20 de mar. de 2007

Sexo explícito ao invés do personagem Pinóchio prometido para as crianças


Ganhar uma ação judicial continua sendo uma coisa complicada - e principalmente demorada. Mais de quatro anos depois que pai e mãe constataram que seus filhos assistiam - por culpa da editora - cenas de sexo explícito ao invés de brincadeiras e mentiras do Pinóchio, - a demanda judicial ainda não terminou. A cena incomum - já registrada pelo Espaço Vital em 2004 quando a sentença foi proferida - pode ser assim resumida: um casal - enquanto recebe amigos para jantar numa peça contígua - deixa seus filhos, na sala de estar na residência, para assistirem a desenhos do mentiroso e narigudo Pinóquio e ... de repente, ao invés de sorrisos folgazões da garotada, há um silêncio intrigante. Os pais vigilantes voltam à sala e ... surpresa ! Seus três filhos, com 5, 6 e 10 de idade estão sendo espectadores de um festival de pornografia. No vídeo, profundas intimidades. No áudio, sussurros e gemidos.

A perplexidade aconteceu em Porto Alegre, em 7 de janeiro de 2003, na residência de uma família de classe média. Poucas horas antes, o participativo pai adquirira um vídeo da Walt Disney Productions, colocada à venda pela Editora Abril S/A. A fita era brinde para quem comprasse um livro com a história de Pinóquio.
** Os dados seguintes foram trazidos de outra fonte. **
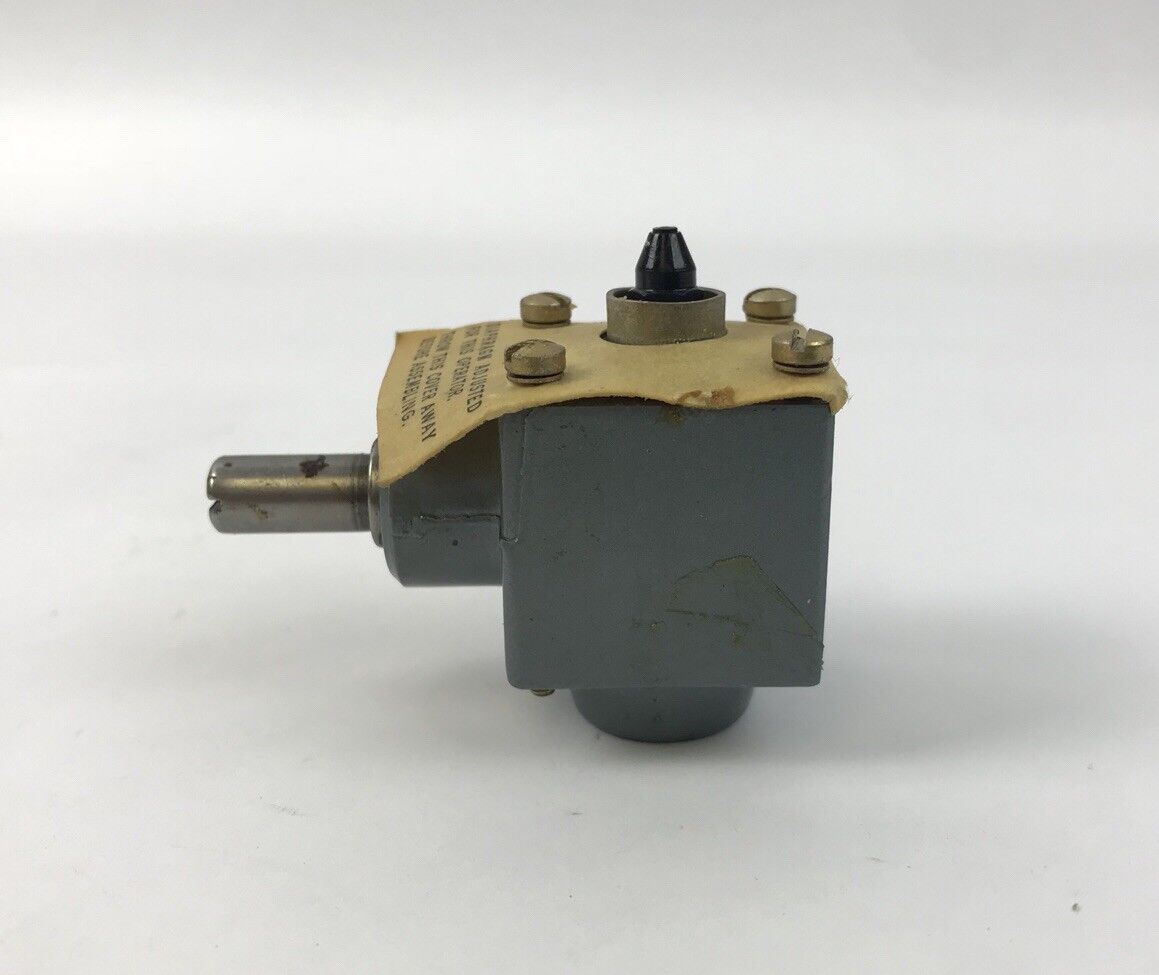 ALLEN BRADLEY Z16067 OPERATING HEAD,BUL 802T,OILTIGHT LIMIT SWITCH,TYPE A2, NEW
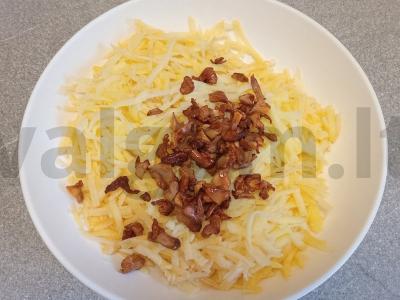 Bulviniai blynai su voveraitėmis ir žaliu svogūnu Žingsnis 4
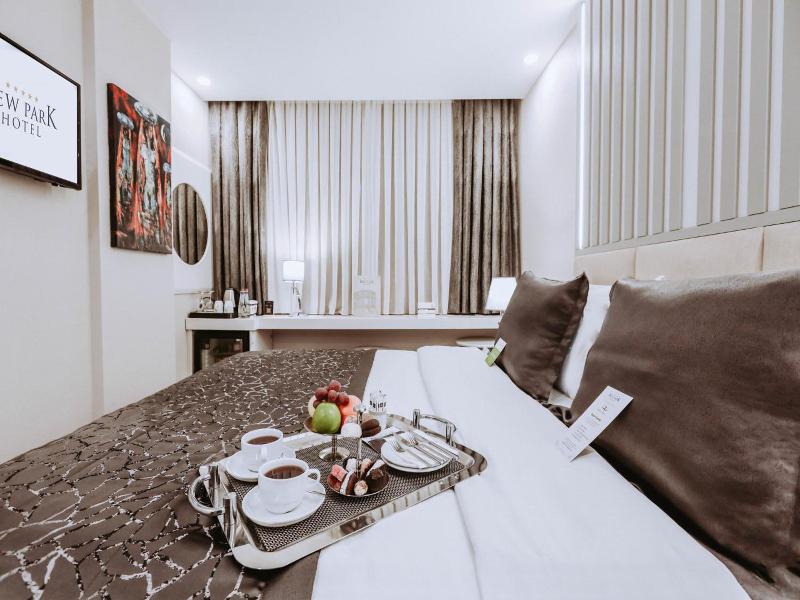 New Park Hotel image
Em 30 de setembro de 2004, a juíza da 12ª Vara Cível de Porto Alegre, condenou a Editora a Abril a pagar R$ 15.000,00 ao cinco lesados moralmente (R$ 3 mil para cada), com acréscimo de juros de 1% a contar da data do ato ilícito, mais correção monetária. Em valores de hoje, a condenação vai a R$ 27.955,29 mais 20% de honorários. A petição inicial - escrita pelo advogado Artur Garrastazu Gomes Ferreira - revelou a expectativa do genitor, “pensando ter feito uma excelente aquisição, comprando um produto com um fim educativo, pois é notório que as histórias mais antigas de Walt Disney sempre trazem, em seu subliminar, alguma lição de moral". No caso de Pinóquio, a maior lição que se tira é que não se deve mentir. A dura constatação dos pais é que a fita selada, rotulada etc. encerrava uma múltipla pornografia e uma enganosa conjunção contra o consumidor. Uma nariguda mentira - em outras palavras.
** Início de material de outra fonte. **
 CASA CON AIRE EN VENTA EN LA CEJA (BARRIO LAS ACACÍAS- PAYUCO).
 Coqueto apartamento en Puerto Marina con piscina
A Editora Abril, alegou ser parte passiva ilegítima, pois apenas comercializara as fitas produzidas pela empresa Videolar S/A. (com sede em Barueri/SP), contra quem deveria ser dirigida a ação. Cautelarmente, a Abril fez a denunciação da lide da referida empresa, o que foi negado pelo Juízo. Interposto agravo, foi improvido. Na sentença, a juíza discorreu sobre a fita - embora não refira se a assistiu, ou não. "A fita VHS objeto da presente ação encontra-se depositada em cartório para ser conferida pelas partes, se assim entenderem. Porém, a Editora Abril sequer verificou sobre seu conteúdo, razão pela qual a prova pericial que postulou, sem apresentar qualquer fundamentação a respeito, não encontrou justificativa nos autos” - registra a magistrada Elizabeth Hoeveler. As testemunhas compromissadas afirmaram ter estado na casa dos autores, momentos depois que parte da fita pornográfica foi assistida pelas três crianças, e confirmaram a situação de imenso constrangimento que tomou conta da família. Lembraram que o menino que contava seis anos de idade estava a imitar os gestos pornográficos que assistira."

O prejuízo de ordem moral adveio do fato de as três crianças terem assistido - de forma absolutamente precoce e inadequada - cenas de sexo explícito, que são produzidas com o objetivo de serem efetivamente fortes e libidinosas. Pouco importa que uma das crianças, pela pouca idade, não tenha alcançado o discernimento sobre as imagens vistas" - refere o julgado de primeiro grau. O desembargador Jorge Alberto Pestana, da 10ª Câmara Cível do TJRS, ficou na mesma linha: "o prejuízo de ordem moral sem dúvida adveio do fato de as três crianças terem assistido de forma absolutamente precoce e inadequada cenas de sexo explícito que são produzidas com o objetivo de serem efetivamente fortes e libidinosas". O colegiado negou provimento à apelação da Abril, que queria a improcedência da ação ou a redução do valor. Também rechaçou o recurso adesivo dos autores, que pretendiam a reparação moral de maior valor. Na semana passada, a ré interpôs recurso especial, que se encontra em fase de admissibilidade. Não é mentira de Pinóquio que a ação já dura - desde o ajuizamento - três anos e 11 meses. (Proc. nº 70012343141).